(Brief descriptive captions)
★ ★ ★

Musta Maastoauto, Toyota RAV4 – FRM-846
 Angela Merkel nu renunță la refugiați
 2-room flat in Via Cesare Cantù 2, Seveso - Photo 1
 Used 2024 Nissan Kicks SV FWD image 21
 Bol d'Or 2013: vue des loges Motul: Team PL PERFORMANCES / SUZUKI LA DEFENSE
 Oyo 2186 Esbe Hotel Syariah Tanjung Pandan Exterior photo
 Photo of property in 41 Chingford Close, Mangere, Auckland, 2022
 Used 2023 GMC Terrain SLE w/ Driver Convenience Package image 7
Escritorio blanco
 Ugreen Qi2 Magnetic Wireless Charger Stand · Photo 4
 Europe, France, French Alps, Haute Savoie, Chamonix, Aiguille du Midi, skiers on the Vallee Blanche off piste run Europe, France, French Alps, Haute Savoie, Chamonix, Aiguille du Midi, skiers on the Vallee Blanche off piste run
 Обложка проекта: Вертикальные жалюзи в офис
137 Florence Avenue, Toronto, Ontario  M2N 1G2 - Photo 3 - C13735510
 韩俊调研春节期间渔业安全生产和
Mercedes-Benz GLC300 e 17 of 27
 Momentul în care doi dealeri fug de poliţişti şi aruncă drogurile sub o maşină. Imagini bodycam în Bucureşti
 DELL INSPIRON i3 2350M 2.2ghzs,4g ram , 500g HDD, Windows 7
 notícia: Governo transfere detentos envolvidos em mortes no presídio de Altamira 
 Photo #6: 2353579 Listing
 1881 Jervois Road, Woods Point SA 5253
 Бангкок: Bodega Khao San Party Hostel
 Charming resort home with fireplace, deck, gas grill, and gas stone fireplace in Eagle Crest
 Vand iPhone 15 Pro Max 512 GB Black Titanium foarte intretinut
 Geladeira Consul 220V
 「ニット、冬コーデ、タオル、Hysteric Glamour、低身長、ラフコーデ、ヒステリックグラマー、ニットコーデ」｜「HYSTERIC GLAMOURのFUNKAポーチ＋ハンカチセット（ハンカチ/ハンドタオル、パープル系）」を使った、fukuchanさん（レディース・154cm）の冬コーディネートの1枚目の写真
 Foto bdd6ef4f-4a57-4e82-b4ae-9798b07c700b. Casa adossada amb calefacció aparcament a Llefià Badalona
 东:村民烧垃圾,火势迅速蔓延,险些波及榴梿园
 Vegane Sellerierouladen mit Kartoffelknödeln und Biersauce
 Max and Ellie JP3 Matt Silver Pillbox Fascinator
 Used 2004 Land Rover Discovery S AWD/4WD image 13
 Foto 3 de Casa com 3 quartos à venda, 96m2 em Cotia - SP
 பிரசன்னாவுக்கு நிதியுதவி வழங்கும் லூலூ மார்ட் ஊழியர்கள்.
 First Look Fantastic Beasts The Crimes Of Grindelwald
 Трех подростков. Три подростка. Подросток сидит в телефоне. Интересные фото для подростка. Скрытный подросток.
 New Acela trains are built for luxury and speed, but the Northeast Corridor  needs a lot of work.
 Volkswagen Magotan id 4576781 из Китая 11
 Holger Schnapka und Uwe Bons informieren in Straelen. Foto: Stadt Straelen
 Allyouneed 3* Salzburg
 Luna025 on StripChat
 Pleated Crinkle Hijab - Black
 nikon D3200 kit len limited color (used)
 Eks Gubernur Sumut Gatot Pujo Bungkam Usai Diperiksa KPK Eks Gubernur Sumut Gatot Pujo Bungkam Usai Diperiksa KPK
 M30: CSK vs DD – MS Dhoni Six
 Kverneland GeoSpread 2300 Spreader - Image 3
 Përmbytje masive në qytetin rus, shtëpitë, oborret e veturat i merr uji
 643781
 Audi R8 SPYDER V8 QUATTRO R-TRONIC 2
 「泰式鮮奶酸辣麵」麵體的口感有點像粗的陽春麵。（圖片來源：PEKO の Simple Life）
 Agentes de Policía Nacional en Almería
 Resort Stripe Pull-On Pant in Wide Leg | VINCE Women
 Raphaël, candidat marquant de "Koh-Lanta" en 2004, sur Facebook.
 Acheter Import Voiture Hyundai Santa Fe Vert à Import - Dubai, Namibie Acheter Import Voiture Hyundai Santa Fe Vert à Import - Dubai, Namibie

★ ★ ★

Try it - Only one stretch of the records above is wanted: the lines between the one holding "run Europe, France, French" and the one holding "Photo #6: 2353579 Listing", inclusive, reproduced exactly.

Written answer -
 Europe, France, French Alps, Haute Savoie, Chamonix, Aiguille du Midi, skiers on the Vallee Blanche off piste run Europe, France, French Alps, Haute Savoie, Chamonix, Aiguille du Midi, skiers on the Vallee Blanche off piste run
 Обложка проекта: Вертикальные жалюзи в офис
137 Florence Avenue, Toronto, Ontario  M2N 1G2 - Photo 3 - C13735510
 韩俊调研春节期间渔业安全生产和
Mercedes-Benz GLC300 e 17 of 27
 Momentul în care doi dealeri fug de poliţişti şi aruncă drogurile sub o maşină. Imagini bodycam în Bucureşti
 DELL INSPIRON i3 2350M 2.2ghzs,4g ram , 500g HDD, Windows 7
 notícia: Governo transfere detentos envolvidos em mortes no presídio de Altamira 
 Photo #6: 2353579 Listing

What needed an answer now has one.